Hab ich längst gemacht, unter Windows 10 kam beim Antecken des Sticks die Meldung, daß der Stick ein Problem habe, hab es da beheben lassen, allerdings hat sich der Windows-PC nicht aufgehängt, daher bin ich nicht absolut sicher, ob es am Stick lag, denn den hatte ich in der Vergangenheit schon duzende male an jedem PC, und nie hat sich einer aufgehängt.
Dazu wimmelt es im Netz nur so vor Meldungen über einfrierende PCs mit Linux Mint und Ubuntu, hat Windows 10 Linux nun auch im Bezug auf Stabilität überholt?


----------



## DKK007 (6. Januar 2017)

Mein Mint ist bisher noch nicht eingefroren. 

Nur über Bluescreens bei Windows schreibt ja keiner mehr. Das ist ja nichts neues. Da wird der Rechner neugestartet und fertig.

Welches Dateisystem hat denn der Stick?


----------



## Tim1974 (7. Januar 2017)

Ich hab ihn jetzt nicht dabei, bin nicht zu Hause, aber bin ziemlich sicher das er FAT32-formatiert ist.

Windows-Bluescreens habe ich aber eigentlich nie, außer als ich zu stark Undervolting betrieben habe, Windows 10 friert mir eigentlich fast nie so ein, wie das bei dem Mint 18 der fall war.
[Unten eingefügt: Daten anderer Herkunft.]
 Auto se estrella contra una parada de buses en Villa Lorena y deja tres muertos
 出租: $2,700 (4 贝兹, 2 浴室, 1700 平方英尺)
Wenn das bei Mint 18 aber auch ein Einzelfall bleiben sollte, kann ich damit leben.
Irritierend fand ich halt nur, daß es beim Laptop meines Vaters genauso bei einem anderen USB-Stick passierte, auch mit Mint 18, dadurch schließe ich ein Hardwareproblem eigentlich aus, dazu paßt auch, daß es im Netz nur so von Meldungen zu "Linux... friert ein" wimmelt.


----------



## DKK007 (9. Januar 2017)

Wobei man ja, wenn sich die Oberfläche aufhängt, noch in den Konsolen-Modus wechseln kann.


----------



## Tim1974 (10. Januar 2017)

DKK007 schrieb:


> Wobei man ja, wenn sich die Oberfläche aufhängt, noch in den Konsolen-Modus wechseln kann.
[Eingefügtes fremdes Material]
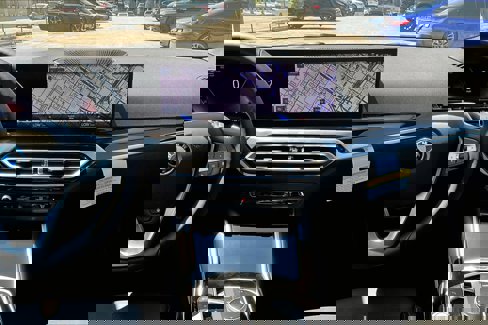 New 2024 BMW 330e w/ Convenience Package image 6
Nur wie, wenn die Tastatur und Maus tot sind?
Bei mir ging ja nichtmal mehr Alt+Druck+B oder Alt+Druck+O!


----------



## grasshopper_1975 (20. Januar 2017)

Du kannst ja auch versuchen die Daten vom Stick zu sichern, den Stick auf NTFS zu formatieren und den dann zu benutzen (vorraus gesetzt Du hast ntfs-3g installiert, damit das System damit arbeiten kann).
Oder einfach mal den Stick unter Windows einstecken und den richtig zu entfernen, einige Distributionen haben Probleme damit, auf nen Datenträger zu zugreifen, die nicht richtig unter anderen Systemen
ge-umountet wurden.


----------



## Tim1974 (21. Januar 2017)

Ich hab ihn ja unter Windows 10 "reparieren" lassen und seitdem funktioniert er auch unter beiden Systemen, allerdings tat er das zuvor auch, abgesehen von dem einen mal wo das Linux-System komplett einfror.

Ich wüßte halt gerne woran das lag, ob ein Stick so "mächtig" ist, daß er gleich den ganzen Rechner einfrieren lassen kann, ist da der USB-Treiber gecrashed oder noch was anderes?
Oder könnte das Mainboard eventuell sogar einen Defekt haben?
Oder lag es daran, daß der Stick für den gewünschten Kopiervorgang zu voll war und das Linux-System damit nicht richtig umgehen konnte?


----------



## grasshopper_1975 (21. Januar 2017)

Wenn der Stick zu voll gewesen wäre, dann hätte dir das dein System mitgeteilt... sehr viele Sachen von Windows kommen schließlich von Unix- bzw. Linux-Distributionen.
Aber was den Stick selbst angeht, mein MacBook und mein Laptop mit Debian 8 drauf machen auch Probleme, wenn ein USB-Stick einfach abgezogen wurde, ohne vorher
richtig entfernt worden zu sein.
Das Du nen Hardwaredefekt hast, davon würde Ich mal sowas von garnicht ausgehen, sonst hättest Du öfter Probleme mit USB-Sticks, also mit so ziehmlich allen die Du
anschließt oder daran benuzt.


----------



## Tim1974 (22. Januar 2017)

Wie gesagt, das Problem trat nicht beim abziehen des Sticks auf, ich hab da gerade Datensicherung auf 2 USB Sticks gemacht, es gelang problemlos die Datein auf den einen Stick zu kopieren, dann hab ich diesen ausgeworfen und den anderen Stick angesteckt, erstmal konnte ich noch den Ordner öffnen, dann hab ich mit dem kopieren begonnen und mich gewundert, warum der Mauszeiger weg ist, dann gemerkt, daß auch die Tastatur komplett tot ist, nichtmal ATL+DRUCK+B oder ALT+DRUCK+O zeigten mehr Wirkung!

Warum ich auf die Idee mit dem Hardwaredefekt komme?
Zum einen weil ich es nur äußerst selten erlebt habe, daß ein PC komplett einfriert, meist war dann ein Hardwaredefekt die Ursache, allerdings selten auch mal Treiberprobleme (vorallem der Grafikkarte).
Diesen PC der einfror, den habe ich seit 2011 und zuletzt viel drann rumgebastelt, Mainboard ausgebaut, anderen CPU-Kühler rauf usw. darum war ich in Sorge, er könnte dadurch einen weg haben.
Allerdings läuft er bis auf den einen Freeze absolut problemlos und unauffällig.


----------